|
By Nasser Nouri, Sun Microsystems, Inc, August 2007
|
|
|
One of the most useful debugging features in the Sun Studio dbx debugger is
enabling watchpoints during the execution of programs. A watchpoint,
which is also called a data change breakpoint, can be used in dbx to stop
a program when the value of a variable or expression has changed.
A watchpoint is similar to a breakpoint, except that a
watchpoint stops execution when an address location is read or
modified, whereas a breakpoint stops execution when an instruction is
executed at a specified location.
This article intends to educate users on how to use the watchpoint facility
in the Sun Studio dbx debugger. The dbx debugger can
be used for both source-level and instruction-level debugging.
Additionally, the Solaris Dynamic Tracing (DTrace) facility is used to show how
the internal states of the Solaris kernel can be traced with a simple D script.
Under the Hood
Historically, watchpoints were implemented in software, and to some
extent they slowed down program execution. The newer
versions of microprocessors are equipped with debug registers that
enable modern software debuggers such as dbx to create
hardware watchpoints. The hardware watchpoints are extremely fast and
do not slow down the execution of programs.
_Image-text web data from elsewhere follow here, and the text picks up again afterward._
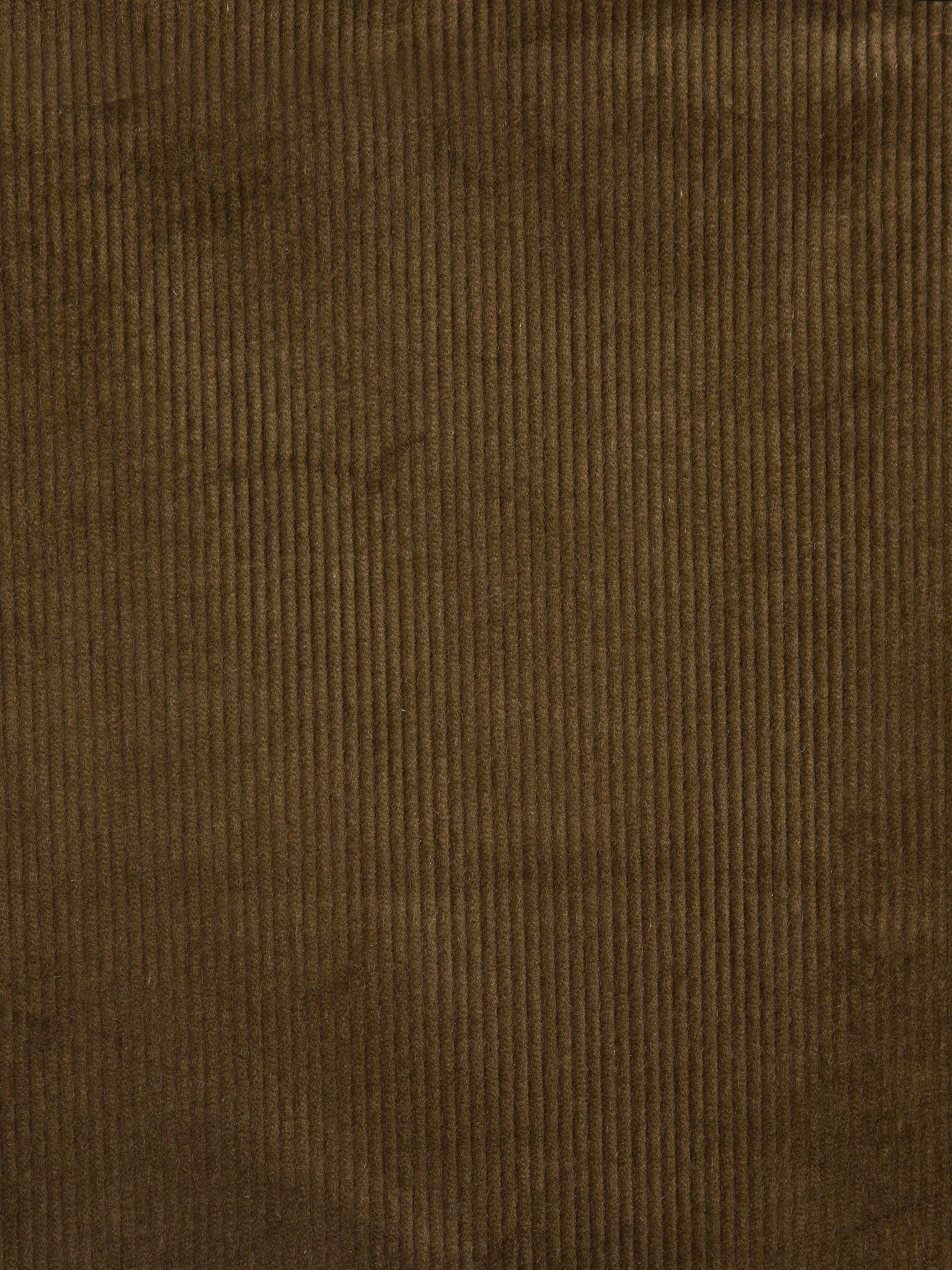 Heavy Cotton Corduroy – Fustian Fabric for Upholstery & Interiors, Lichen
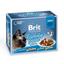 Набор влажных кормов для взрослых кошек Brit Premium Cat pouch Семейная тарелка в соусе, 1020 г (12 уп. х 85 г) - миниатюра 1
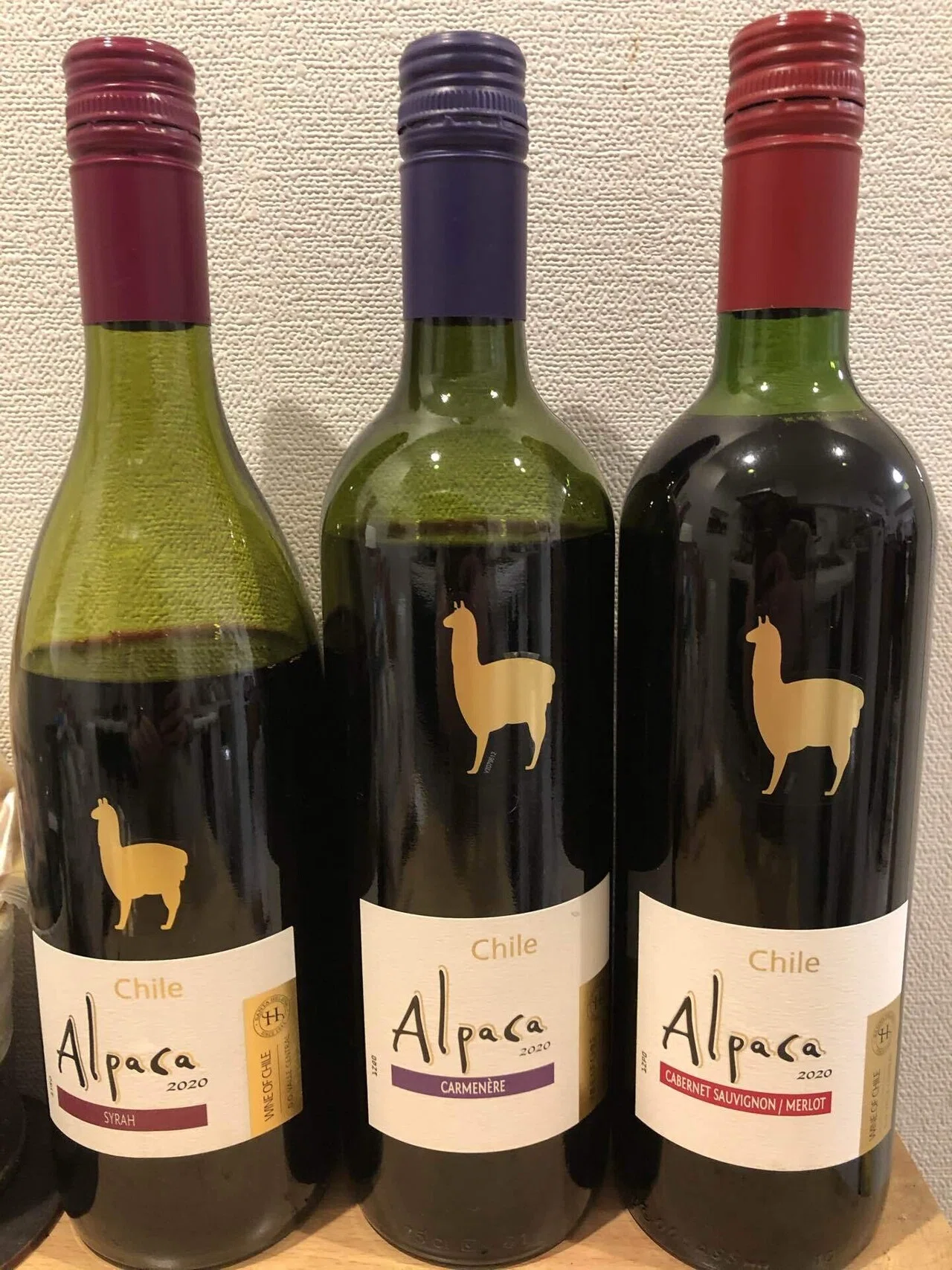 アルパカ飲み比べ！｜タカコ
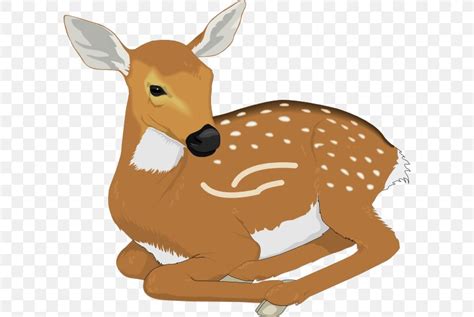 White Tailed Deer Fawn Clip Art Png 600x549px Deer Art Cartoon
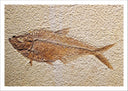 Lámina pez fosil, aarqueologia, peces
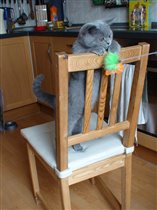 Фото прислал любящий хозяин Руслан (г. Москва)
For example, Intel and AMD architectures have eight debug
registers, DR0 through DR7. The DR0 through
DR3 registers can be used for
creating address breakpoints. Software can load a virtual (linear) address
into any of the four registers, and enable breakpoints to occur when
the address matches an instruction or data reference.
The debug control register (DR7), is used to establish the
breakpoint conditions for the
address breakpoint registers (DR0 through DR3) and to enable debug exceptions
for each address breakpoint register individually.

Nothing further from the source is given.